What is the Options Framework?

The Options Framework is a formal method for introducing temporal abstraction into reinforcement learning, enabling agents to plan and execute extended sequences of actions as single, reusable units.

The Options Framework is a formalism for temporal abstraction in reinforcement learning (RL), where an option is a temporally extended action consisting of three components: an initiation set (states where the option can start), an internal policy (the sequence of primitive actions to execute), and a termination condition (a probability of stopping in each state). This framework allows an agent to operate at a higher level of planning, treating complex skills as building blocks within a Semi-Markov Decision Process (SMDP). It is foundational for hierarchical reinforcement learning, enabling more efficient exploration and long-horizon task decomposition.

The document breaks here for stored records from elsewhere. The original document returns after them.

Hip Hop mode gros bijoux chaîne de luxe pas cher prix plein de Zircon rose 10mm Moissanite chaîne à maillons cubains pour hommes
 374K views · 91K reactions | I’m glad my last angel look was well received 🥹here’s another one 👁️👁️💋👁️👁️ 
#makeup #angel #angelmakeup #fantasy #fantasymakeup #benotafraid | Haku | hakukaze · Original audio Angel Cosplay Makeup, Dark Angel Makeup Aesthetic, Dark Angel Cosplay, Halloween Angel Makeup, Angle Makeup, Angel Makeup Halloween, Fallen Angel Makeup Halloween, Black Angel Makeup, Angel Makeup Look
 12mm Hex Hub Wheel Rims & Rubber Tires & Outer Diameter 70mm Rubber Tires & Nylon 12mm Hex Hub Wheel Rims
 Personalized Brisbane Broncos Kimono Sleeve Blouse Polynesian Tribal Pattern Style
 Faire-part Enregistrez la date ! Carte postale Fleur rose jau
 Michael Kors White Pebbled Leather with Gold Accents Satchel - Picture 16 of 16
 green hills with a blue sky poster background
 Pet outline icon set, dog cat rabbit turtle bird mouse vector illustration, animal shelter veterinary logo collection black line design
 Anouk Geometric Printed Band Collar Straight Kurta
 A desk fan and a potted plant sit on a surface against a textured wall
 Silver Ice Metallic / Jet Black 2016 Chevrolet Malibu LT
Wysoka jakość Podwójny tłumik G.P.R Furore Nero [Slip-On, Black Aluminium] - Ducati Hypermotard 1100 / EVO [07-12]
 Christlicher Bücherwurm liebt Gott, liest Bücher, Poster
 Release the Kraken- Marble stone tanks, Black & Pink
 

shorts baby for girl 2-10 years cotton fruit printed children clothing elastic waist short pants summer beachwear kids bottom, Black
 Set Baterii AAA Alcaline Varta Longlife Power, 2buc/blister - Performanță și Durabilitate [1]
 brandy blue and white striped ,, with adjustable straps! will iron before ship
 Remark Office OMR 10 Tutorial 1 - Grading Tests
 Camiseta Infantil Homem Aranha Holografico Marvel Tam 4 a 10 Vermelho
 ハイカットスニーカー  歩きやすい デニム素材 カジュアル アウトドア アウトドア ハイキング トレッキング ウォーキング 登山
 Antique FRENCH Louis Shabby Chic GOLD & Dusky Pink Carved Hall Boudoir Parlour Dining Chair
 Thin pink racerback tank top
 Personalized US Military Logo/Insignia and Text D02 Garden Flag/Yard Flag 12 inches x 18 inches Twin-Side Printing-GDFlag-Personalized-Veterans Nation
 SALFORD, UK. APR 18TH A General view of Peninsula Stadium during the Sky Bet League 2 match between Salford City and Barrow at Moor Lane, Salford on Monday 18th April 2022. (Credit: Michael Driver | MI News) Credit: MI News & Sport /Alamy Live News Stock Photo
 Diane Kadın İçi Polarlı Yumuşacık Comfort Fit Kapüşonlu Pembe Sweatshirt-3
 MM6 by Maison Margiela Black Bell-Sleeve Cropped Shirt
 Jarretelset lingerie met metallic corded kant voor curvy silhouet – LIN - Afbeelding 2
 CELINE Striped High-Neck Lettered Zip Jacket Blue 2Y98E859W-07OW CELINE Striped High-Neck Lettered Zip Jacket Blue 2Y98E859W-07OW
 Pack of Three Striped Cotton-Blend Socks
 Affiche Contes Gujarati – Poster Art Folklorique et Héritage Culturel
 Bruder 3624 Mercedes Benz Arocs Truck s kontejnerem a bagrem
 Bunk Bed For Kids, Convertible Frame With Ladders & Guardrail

By grouping primitive actions into options, agents can learn macro-actions that persist over multiple time steps, dramatically improving sample efficiency and planning scalability. The framework connects closely with skill discovery and intrinsic motivation, where options can be learned to represent useful subroutines. In robotics and embodied AI, options correspond to reusable motion primitives or behavioral modules. The formalism generalizes standard RL, as primitive actions are simply one-step options, and provides a mathematical bridge to hierarchical task and motion planning.

OPTIONS FRAMEWORK

The Three Components of an Option

An option is a formal abstraction for a temporally extended action in reinforcement learning. It is defined by three core components that enable hierarchical planning and skill reuse.

01

Initiation Set

The initiation set defines the set of states from which an option can be started. It is a subset of the environment's state space, often denoted as I ⊆ S. This component determines when a temporally extended skill is available for execution.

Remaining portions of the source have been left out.